IFAP syndromeis a rare autosomal recessive X-linked disease characterized by the triad of alopecia universalis, severe photophobia, and follicular ichthyosis. It is caused by loss of function of the gene MBTPS2. Its severity varies and there are only a few reports in the literature. We present a patient with characteristic clinical features.

Introduction

IFAP syndrome is a rare genetic disorder characterized by ichthyosis and alopecia from birth and sometimes accompanied by short stature, intellectual disability, and seizures epilepsy that develop in the first few years of life. Photophobia may also be present in the first year of life or appears in infancy or early childhood. Its mode of inheritance is X-linked recessive, thus mostly affecting males. Affected or carrier females may display some of its clinical features.

Case report

An 18-month-old boy, has non consanguineous parents.
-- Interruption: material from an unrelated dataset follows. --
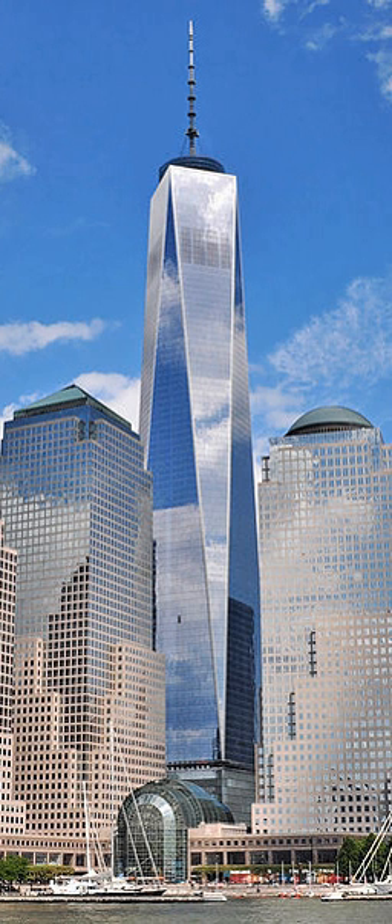After the September 11 attacks of 2001, the broadcasting equipment was moved to the Empire State Building. On a typical weekday, a combined total of 50,000 people worked in the North and South Towers, with another 200,000 passing through as visitors. The complex was so large it had its own zip code: 10048. The Windows on the World Restaurant, located on top of the North Tower, reported revenues of $37 million in 2000, making it the highest-grossing restaurant in the United States.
Pregnancy was uneventful and the boy was born underweight and preterm at 36 weeks and 5 days by natural birth and there was no history of similar illness in the family or familiar history of atopy. He was the first birth in his family. He was referred to the dermatology department with congenital universal alopecia. The clinical examination revealed a photophobia, prominent forehead, large ears with staturo-ponderal delay and in the dermatological examination showed skin phototype II, spiky follicular ichthyosis on the scalp and extensor aspects of the extremities, including elbows and knees, generalized dryness of the skin, angular cheilitis, follicular papules and pustules on an erythematous base scattered, plantar keratoderma, associated with universal alopecia of scalp hair, eyebrows, and eyelashes, periungueal inflammation, dystrophic nail (Figure 1).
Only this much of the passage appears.